Rules with effect: escalate register a pending entry in the bounded escalation store. The store is in-memory; a proxy restart discards pending entries (the agent's poll returns 404, treated as expired).

The store is hard-capped at 10,000 entries. Eviction prefers the oldest resolved (approved/denied) entry. When the store is full of pending entries, new escalations are downgraded to deny with an explicit reason - refusing to silently drop a pending entry an operator might be polling for.

The approver endpoints (POST /escalations//approve and /escalations//deny) require a static bearer token configured via -approver-token. The token compare is SHA-256-of-both before constant-time compare, so token LENGTH is not leaked via timing. Approve / deny state transitions write a linked audit trace.

Rate limiting

A token-bucket per agent (or session / org, configurable via -rate-limit-key-by). The bucket map is capped at 100k entries with 30-min idle eviction. Empty keys collapse to a single shared _unknown bucket - refusing to exempt envelopes with missing identity from rate limiting.

The LLM classifier (multimodal)

pkg/llmguard implements a generic Ollama-served content classifier. Policies use it via the llm_classify condition:


conditions:
  llm_classify:
    prompt_field: parameters.prompt
    image_url_field: parameters.source_image_url  # optional
    model: gemma4:e4b
    timeout_seconds: 30
    forbidden:
      - weapons
      - csam
      - real_person_likeness

The classifier is framed as a routing task (not a "content safety" task) so the underlying Gemma's own safety filter doesn't refuse to engage. Empty model responses are interpreted as model_refused which fires deny (fail-closed). User prompts are wrapped in unguessable delimiters so a prompt-injected "ignore previous instructions" pattern cannot reach the classifier's system prompt.

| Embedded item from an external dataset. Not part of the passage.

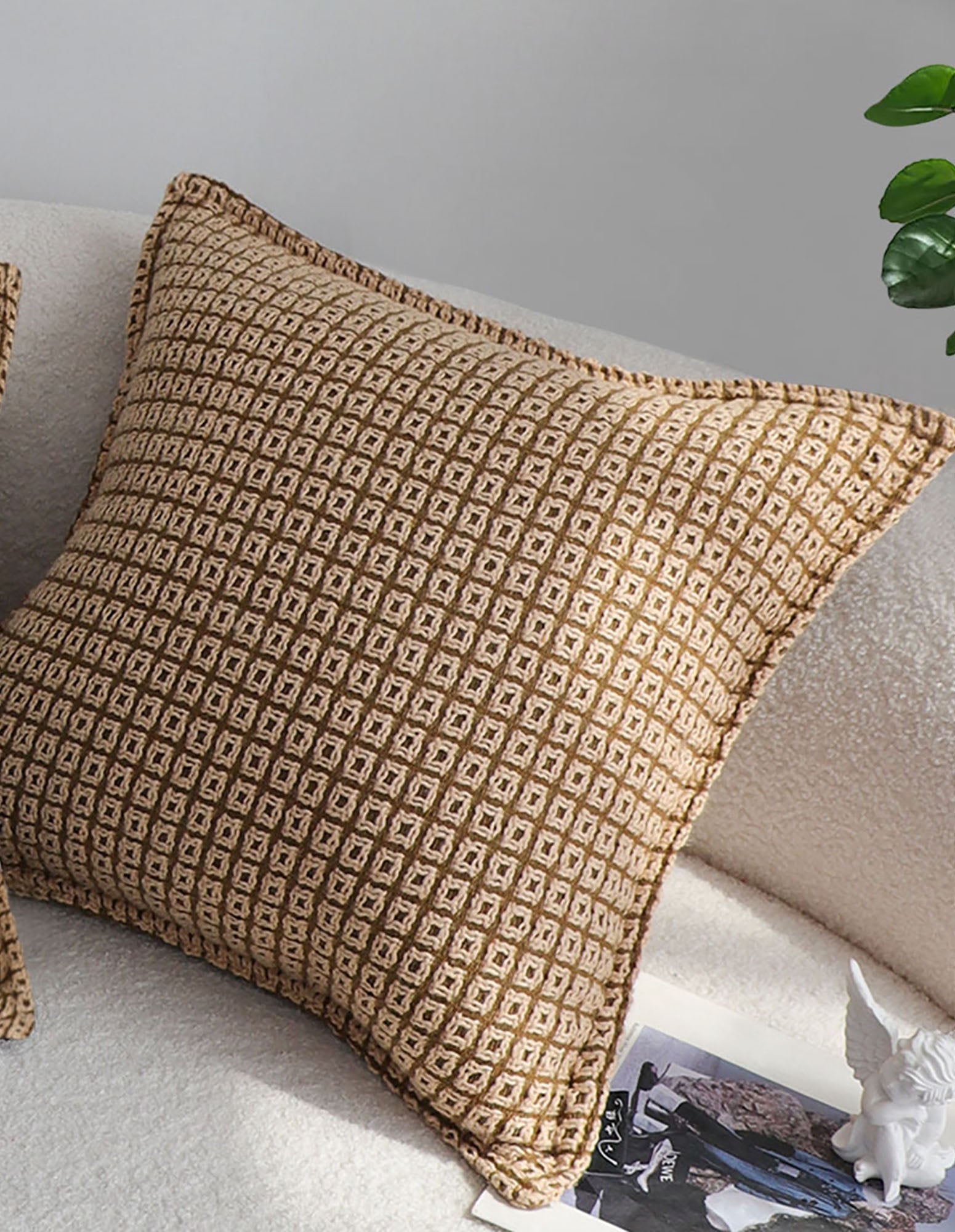 SOGA 2X 45cm Cozy Brown Geometric Knit Polyester Pillow Cover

The image-fetch path is SSRF-hardened: dial-time private-CIDR / loopback / link-local / CGNAT blocking, no redirects ever, scheme allowlist (http/https only), no userinfo in URLs.

See content-gen-bundle.md for the end-to-end demo with three policies (image / audio / text gen) and 16 deterministic E2E assertions against real Gemma 4 e4b.

Scope boundary

The engine deliberately covers every structured-tool surface (SQL, shell, path, monetary, customer data, mass comms) AND the multimodal-gen surface via a single-model local Gemma classifier. Multi-model ensemble arbitration and voice-print matching do not exist in any edition; PII redaction and compliance evidence packs ship in the commercial Tool Guard Enterprise platform, not here - oss-vs-enterprise.md draws the full boundary.